* **Problem statement**
Leaving the pictures aside, repeat each line below exactly.

* **Material for this task**
--- START ---
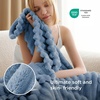 Bedsure Soft Cozy Twin XL Blanket for Bed College Dorm Off White 66″x90″ | Birthday Gifts for Women Mom Her, Warm Lightweight Cozy Fluffy Throw Blanket Sofa, Dorm Room Home Decor, Machine Washable(Blue)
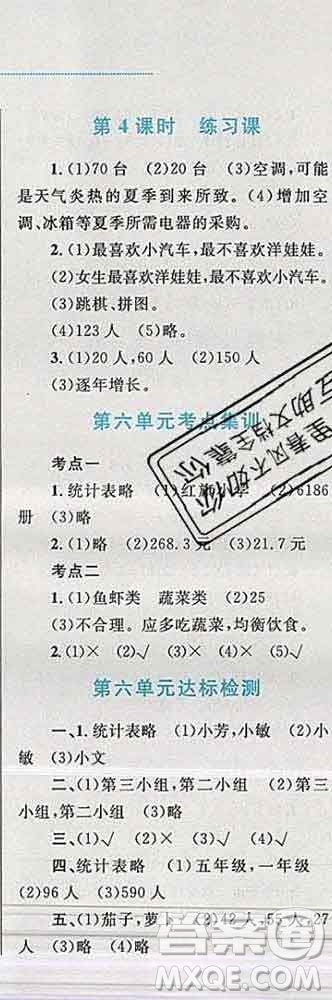 2019年小學同步考優(yōu)化設計小超人作業(yè)本五年級數(shù)學上冊蘇教版答案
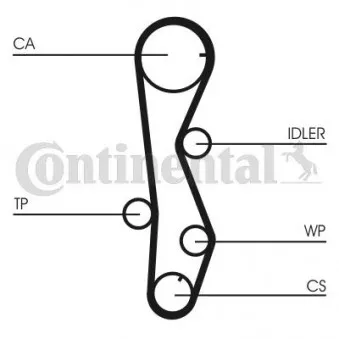 Pompe à eau + kit de courroie de distribution CONTITECH CT1099WP1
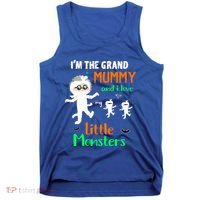 IM The Grand Mummy And I Love My Little Monsters Grandma Gift Tank Top thumb 0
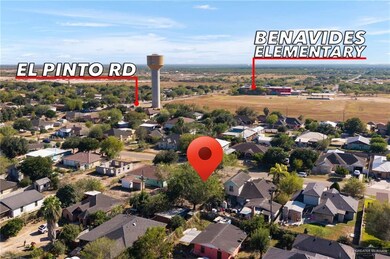 Aerial view of residential area
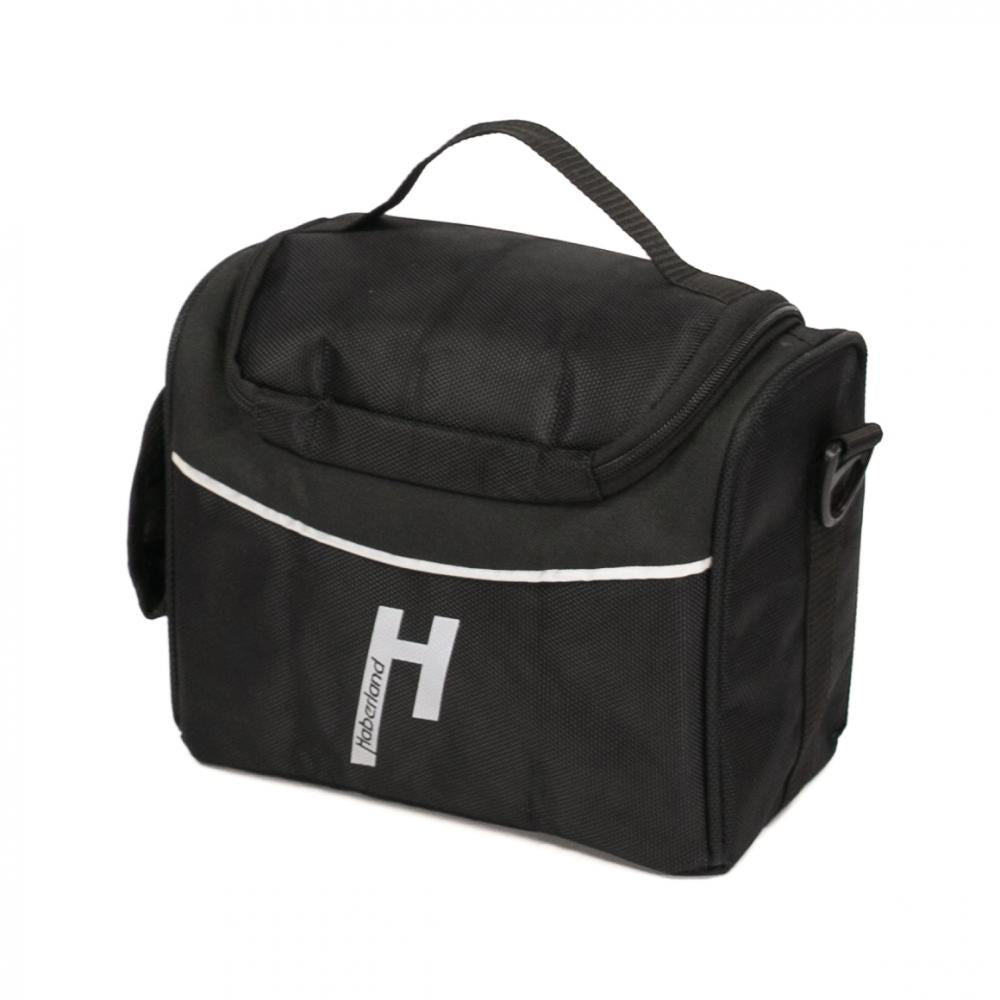 Haberland Lenkertasche Siebensachen 5l schwarz - geräumige Bike-Lenkerbag mit KLICKfix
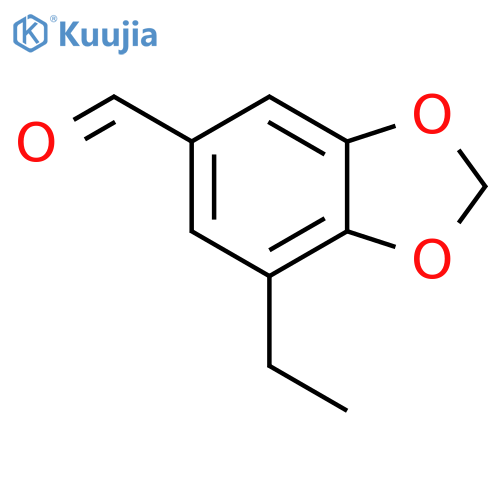 7-ethyl-1,3-dioxaindane-5-carbaldehyde structure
--- END ---
* **Response to the task**
 Bedsure Soft Cozy Twin XL Blanket for Bed College Dorm Off White 66″x90″ | Birthday Gifts for Women Mom Her, Warm Lightweight Cozy Fluffy Throw Blanket Sofa, Dorm Room Home Decor, Machine Washable(Blue)
 2019年小學同步考優(yōu)化設計小超人作業(yè)本五年級數(shù)學上冊蘇教版答案
 Pompe à eau + kit de courroie de distribution CONTITECH CT1099WP1
 IM The Grand Mummy And I Love My Little Monsters Grandma Gift Tank Top thumb 0
 Aerial view of residential area
 Haberland Lenkertasche Siebensachen 5l schwarz - geräumige Bike-Lenkerbag mit KLICKfix
 7-ethyl-1,3-dioxaindane-5-carbaldehyde structure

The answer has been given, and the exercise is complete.